# Dmitri Shostakovitch Drama music who else ?



## mohamedddo (May 3, 2016)

I really like Dmitri Shostakovitch Music symphony number 5,8,10,12 and piano concert Number 2
the drama of his music very fantastic .. and i also like Tchaikovsky music symphony number 4,6
and the piano concert .

i want to ask about if i can find music with drama like this ? maybe i like Russian Soviet music i dont know. whoever i listen to Beethoven, Mozart and i like them too .

sorry for my bad English i am from Egypt 
may be you can listen to Egyptian music


----------



## GreenMamba (Oct 14, 2012)

Weinberg was friends with Shostakovich and is sometimes compared to him. Prokofiev is more famous, more unlike Shostakovich, but try his Symphony no. 5 or one of his piano or violin concertos.

"Dramatic" is subjective of course, so you may receive recommendations for nearly everyone.


----------



## drpraetorus (Aug 9, 2012)

For dramatic music I usually recommend Wagner, especially from his Ring operas. Ride of the Valkyries 



 and Siegfrieds Funeral March and Brunhildes Immolation 



 Rimski-Korsakov would also be someone you may want to listen to. His most famous work is Scheherazade 



 but another exciting one is Capriccio Espagnol 



 Rimsky-Korsakov was very interested in Middle Eastern and Indian themes and these show up in his music often. Scheherazade has four sections; The Sea and Sinbads Ship, The Kalendar Prince, The Young Prince and The Young Princess, Festival at Baghdad. The Sea. The Ship Breaks against a Cliff Surmounted by a Bronze Horseman. Ravels "Bolero" is also very popular for it's rhythmic drive and orchestral colors. 



By the way, don't apologize for your English. It is far better than my Arabic.


----------



## clavichorder (May 2, 2011)

Have you tried Prokofiev? Symphonies 2 and 3 are dramatic in their own ways, and even 1 has a melodic flair that is very spontaneous and dramatic feeling. Really, every Prokofiev symphony is dramatic. I particularly have been enjoying the much overlooked symphony 7 lately. There are some moments in that 1st movement that hit me right between the eyes, not due to loudness or bombast(which it is comparatively lacking in; see 2, 3, or 4 for that), but due to a vivid musical rush.


----------



## mohamedddo (May 3, 2016)

GreenMamba said:


> Weinberg was friends with Shostakovich and is sometimes compared to him.

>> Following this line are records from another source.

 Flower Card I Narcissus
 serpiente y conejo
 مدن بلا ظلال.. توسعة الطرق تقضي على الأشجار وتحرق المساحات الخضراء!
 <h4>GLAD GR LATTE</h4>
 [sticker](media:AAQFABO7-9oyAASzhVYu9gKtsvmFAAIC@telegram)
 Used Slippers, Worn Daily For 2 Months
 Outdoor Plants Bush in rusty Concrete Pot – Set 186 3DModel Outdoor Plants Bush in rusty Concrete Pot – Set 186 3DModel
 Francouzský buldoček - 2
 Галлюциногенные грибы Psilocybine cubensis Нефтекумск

Prokofiev is more famous, more unlike Shostakovich, but try his Symphony no. 5 or one of his piano or violin concertos.
> 
> "Dramatic" is subjective of course, so you may receive recommendations for nearly everyone.

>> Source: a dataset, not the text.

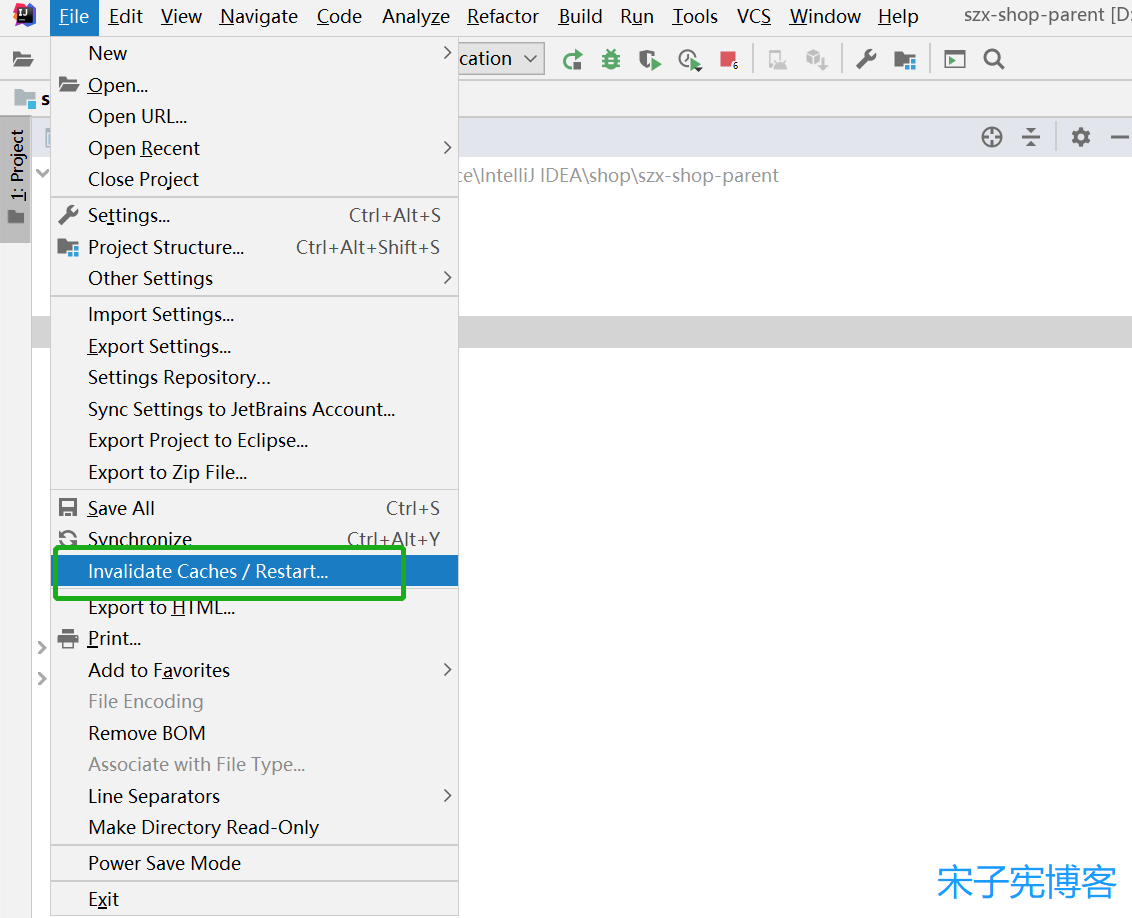 IntelliJ IDEA清除项目中的缓存.png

I like Prokofiev dance of the knights it is so great and i will listen to Weinberg i dont know where to start


----------



## mohamedddo (May 3, 2016)

drpraetorus said:


> For dramatic music I usually recommend Wagner, especially from his Ring operas. Ride of the Valkyries
> 
> 
> 
> ...


i will start with Wagner and i like Rimski-Korsakov music it is great especially Scheherazade .
what about Sibelius do you like his music i feel it very dark


----------



## mohamedddo (May 3, 2016)

clavichorder said:


> Have you tried Prokofiev? Symphonies 2 and 3 are dramatic in their own ways, and even 1 has a melodic flair that is very spontaneous and dramatic feeling. Really, every Prokofiev symphony is dramatic. I particularly have been enjoying the much overlooked symphony 7 lately. There are some moments in that 1st movement that hit me right between the eyes, not due to loudness or bombast(which it is comparatively lacking in; see 2, 3, or 4 for that), but due to a vivid musical rush.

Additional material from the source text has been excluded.